C’est en présentant ses « objectifs stratégiques et recommandations concernant la politique du transport maritime de l’EU jusqu’en 2018 », que la Commission européenne a proposé d’établir un « agenda social maritime » (JMM du 13 mars 2009, p. 12). La première étape fut franchie en 2010 avec la constitution d’une « Task Force » composée de douze membres, avec comme président sir Robert Coleman, ancien directeur général pour les transports à la Commission. Trois membres représentaient les navigants, trois autres les employeurs et six les professionnels du paramaritime et des chercheurs dont le professeur de droit Patrick Chaumette, fondateur de l’Observatoire des droits des marins.
La première des recommandations, dans l’ordre de présentation du rapport, est « négative »: il est recommandé à la Commission européenne de ne pas envisager d’imposer l’emploi de marins européens à bord de navires affectés aux lignes régulières intra-européennes car cela serait « à peine efficace, provoquerait probablement une opposition émotionnelle forte et serait néfaste au dialogue social ». L’idée d’un espace maritime européen n’est donc pas d’actualité.
Au sujet des équipages des navires d’assistance offshore travaillant dans les eaux territoriales ou dans les ZEE des États membres, la « majorité » du groupe de réflexion recommande à la Commission d’examiner la possibilité d’autoriser « clairement » les États à définir des normes d’équipages en s’inspirant de la pratique de la desserte des îles. En d’autres termes, l’État d’accueil décide des normes applicables aux équipages des navires desservant le continent « national » et les îles.

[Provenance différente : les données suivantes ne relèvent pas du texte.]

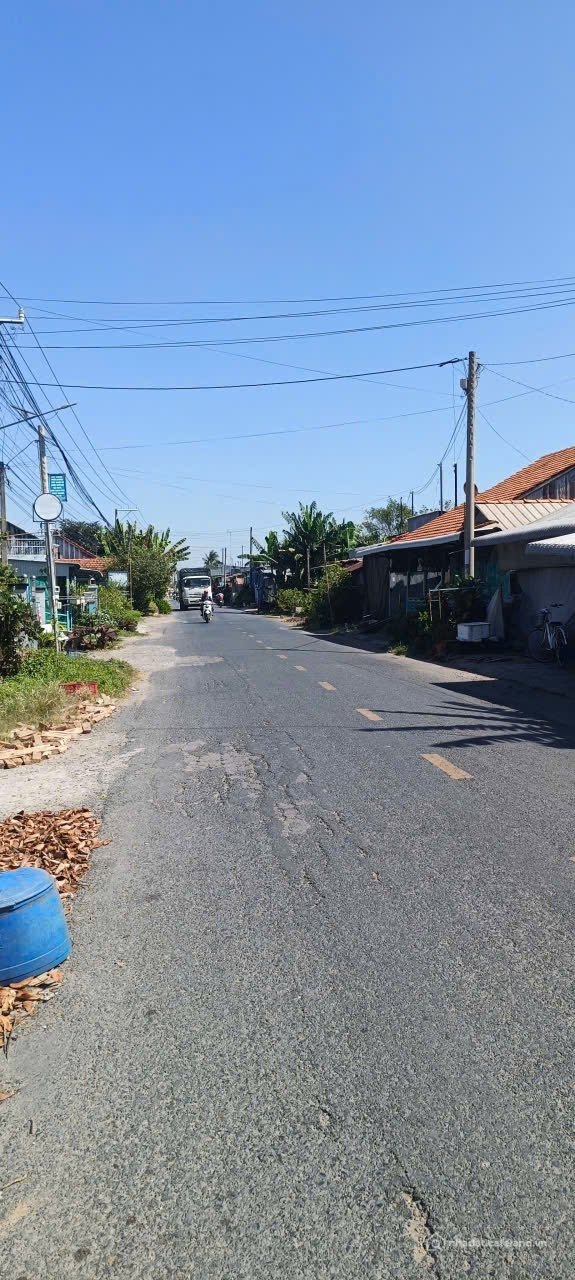 Bán đất thổ cư: Bán đất 1076.9m² ngang 7.4m giá 4.6 tỷ Xã Phú Tân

Au sujet des directives à caractère social dont le champ d’application exclut les navigants ou autorise leur exclusion et qui sont en cours de révision, le groupe de travail propose que soient réexaminées les conditions d’exclusion pour quatre d’entre elles: la directive 2008/94 sur la protection des salariés en cas d’insolvabilité de l’employeur; la 2009/38 sur l’institution d’un comité d’entreprise européen en vue d’informer et de consulter les travailleurs; la 2002/14 sur l’information et la consultation des travailleurs dans la CE et la 2001/23 concernant le rapprochement des législations des États membres relatives au maintien des droits des travailleurs en cas de transfert d’entreprise ou d’établissement.

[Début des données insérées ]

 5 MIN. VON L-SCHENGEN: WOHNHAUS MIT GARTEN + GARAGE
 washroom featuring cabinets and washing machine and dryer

Concernant la convention sur le travail maritime de 2006 de l’OIT, tout le groupe de travail soutient les efforts continus des États membres et de la Commission pour sa mise en œuvre, ainsi que l’adoption de dispositifs européens de contrôle de sa bonne application. Il est question, en particulier, d’inspections ciblées au titre du Port State Control, afin d’éliminer la pratique des équipages en nombre insuffisant et la fatigue qui en résulte. Le groupe recommande donc à la Commission:
– de poursuivre le dialogue avec les États membres afin que la convention soit ratifiée et donc mise en place au plus vite;
– de faciliter le dialogue entre les États membres et la communauté maritime en vue d’un contrôle efficace du bon respect de cette convention;
– de proposer que la ratification et le strict respect de cette convention fassent partie de la liste des normes qu’un État du pavillon membre de l’UE se doit de respecter.

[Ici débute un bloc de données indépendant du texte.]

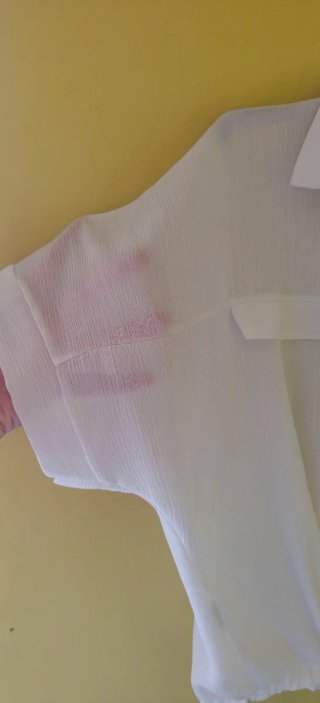 Camisa blanca con lazo ajustable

Au sujet de la norme STCW 2010 adoptée à Manille, le groupe recommande à la Commission de s’assurer de sa bonne application par les États membres et les États tiers pourvoyeurs de main-d’œuvre maritime.
Même s’il peut être considéré comme « généreux », le régime d’aides publiques aux compagnies européennes ne doit pas être modifié, recommande le groupe de travail, ajoutant que les États membres devraient l’utiliser au mieux de ses capacités. « Certains membres » du groupe proposent de conditionner l’octroi de l’impôt forfaitaire au tonnage à l’emploi de marins européens « lorsque ces derniers sont disponibles ».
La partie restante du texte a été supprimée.